Let $G=(\mathbb{R},+)$ and $S^\prime=\{z \in \mathbb{C} \space| \space|z|=1\}$. Define $\phi : G\longrightarrow S^\prime$ by $\phi(x)=e^{2\pi ix}$
(a) Prove that $\phi$ is surjective homomorphism.
$\phi$ is well define,
$x=y$ ; $x,y \in \mathbb{R}$ $\implies \phi(x)=e^{2\pi ix}= e^{2\pi iy}=\phi(y) $
$\phi$ is homomorphism,
$\phi(x+y)= e^{2\pi i(x+y)}= e^{2\pi ix}\times e^{2\pi iy} =\phi(x)\phi(y)$
$\phi$ is surjective,
Let any $z \in S^{\prime}$ then $|z|=1$ and there exist $x \in \mathbb{R}$ s.t $z= \cos(2\pi x)+i\sin(2\pi x)$
This follows $z=\phi(x)$
$\therefore$ $\phi$ is surjective homomorphism.
Here what I tried, Surjective part is not sure. Can anyone verify my answer?
You claimed that there is some $x$ such that $\phi(x)=z$, but you did not prove it.

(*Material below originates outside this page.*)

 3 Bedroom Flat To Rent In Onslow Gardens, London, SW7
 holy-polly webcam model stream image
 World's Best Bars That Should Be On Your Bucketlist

Since $|z|=1$, if you write $z$ as $a+bi$, with $a,b\in\Bbb R$, then $a^2+b^2=1$. So, $b\in[-1,1]$. Let $\alpha=\frac{\arccos(a)}{2\pi}$. With this choice of $\alpha$, $\cos(2\pi\alpha)=a$. And\begin{align}b^2&=1-a^2\\&=1-\cos^2(2\pi\alpha)\\&=\sin^2(2\pi\alpha),\end{align}and therefore $\sin(2\pi\alpha)=\pm b$. If $\sin(2\pi\alpha)=b$, take $x=\alpha$; otherwise, take $x=-\alpha$.